Meinst du in etwa so?






Dann hätte ich ja einen erheblichen Mehraufwand. 
Obwohl es den Source auf Dauer gesehen übersichtlicher und kürzer machen würde.
Aber aufs Interface könnte ich ja dann gleich verzichten, da ich ja die sich registrierenden Klassen pro Methode/Variable genauer spezifizieren könnte, da sich durch die genau bestimmten Namen Wiederverwendbarkeit ausschließen lässt.


----------



## Antoras (23. Apr 2011)

Die Idee mit der Map war soweit schon ok, du kommst nur irgendwann ins Schwitzen wenn du nur eine update(Object)-Methode hast. Das Problem ist ja, dass du wissen musst was mit dem Event, das durch update() verschickt wird, gemacht werden soll. Und woher weist du was das Objekt beinhaltet?

Entweder hast du nur ein Event und verschiedene Implementierungen, die beim Aufkommen eines Events nicht alle benachrichtigt werden sollen (dann ist die Map nützlich) oder du hast verschiedene Events, die alle nur "ihre" Implementierungen benachrichtigen sollen. In letzterem Fall wirst du nicht drumherum kommen, dir jeweils einen spezifischen Observer zu erstellen, andernfalls wirst du zur Laufzeit mit unzähligen Abfragen prüfen müssen welches Event nun von wem bearbeitet werden soll.


----------



## Volvagia (23. Apr 2011)

Ach so, ja war gedacht, dass sich alles, was irgendwie etwas empfängt dort einträgt, und alles, was etwas absendet nur an diese Objekte schickt.
Meinst du, ich soll noch einen zusätzlichen String übergeben? So wie z. B. beim ActionEvent?


----------



## Antoras (23. Apr 2011)

Ich meine du solltest mal versuchen ein Programm zu schreiben, das sich des Design Patterns bedient. Design Pattern versteht man eigentlich erst wenn man sieht wie sie in einem konkreten Anwendungsfall funktionieren.

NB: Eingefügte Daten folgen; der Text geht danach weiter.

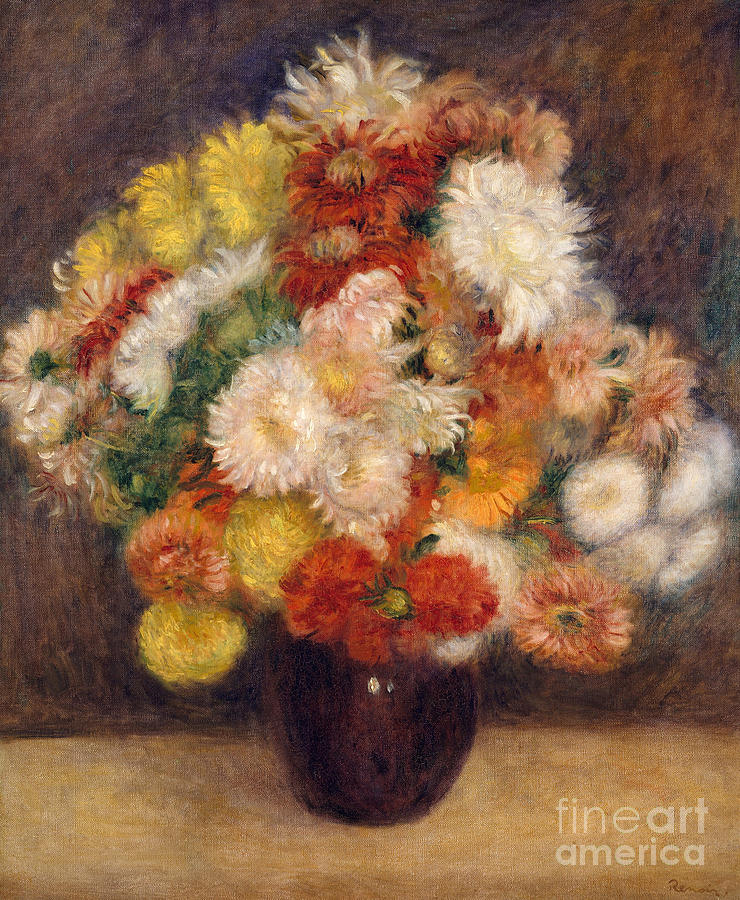 Bouquet of Chrysanthemums, 1881 Painting by Pierre Auguste Renoir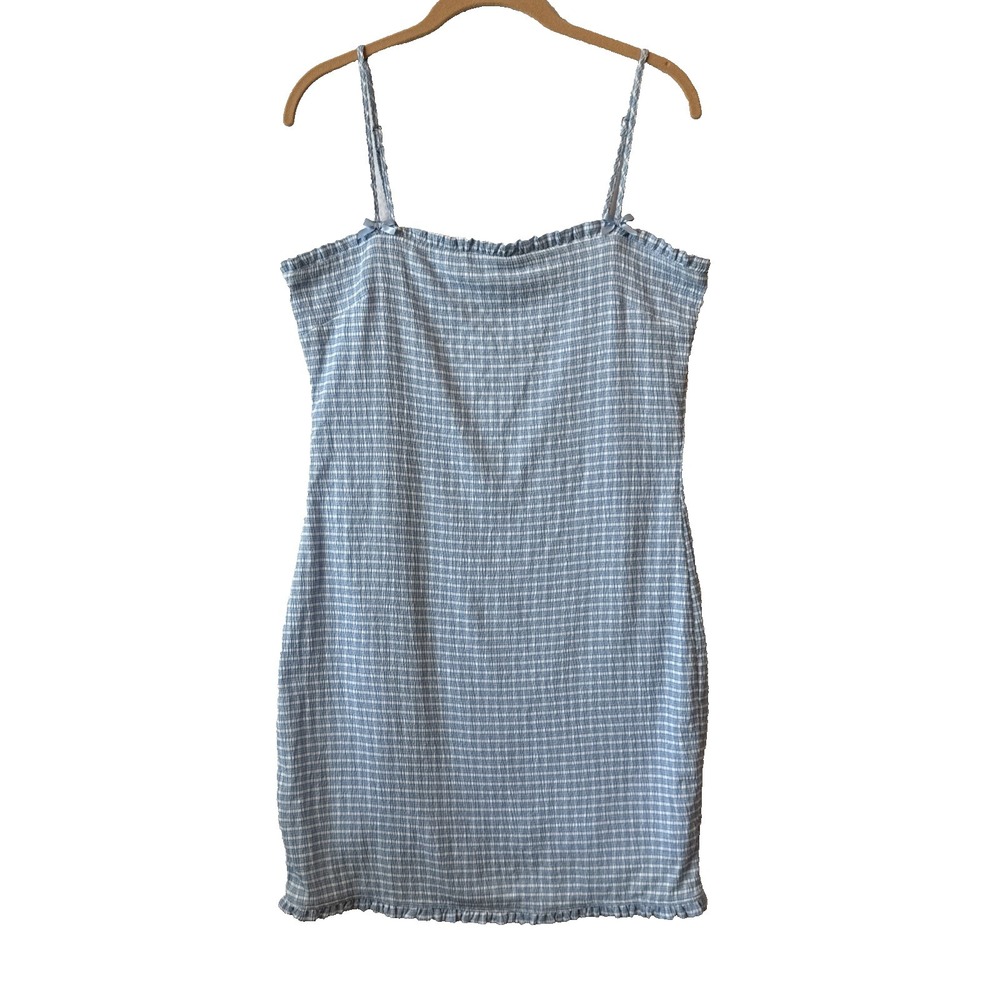 Stitch & Pine Blue Gingham Seersucker Ruffle Bow Slip Dress XL Y2K 90s‎ Cottage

Das was du in den UML-Diagrammen bisher dargestellt hast ist viel mehr die Idee hinter dem Pattern und kein Anwendungsfall bei dem diese Idee tatsächlich angewendet wird.


----------



## Volvagia (23. Apr 2011)

Ok, danke. 
Irgendwie muss man am Ende sowieso sehen, was einem selbst am besten liegt. Der Beste Stil nützt einen nichts, wenn man damit nicht umgehen kann.


----------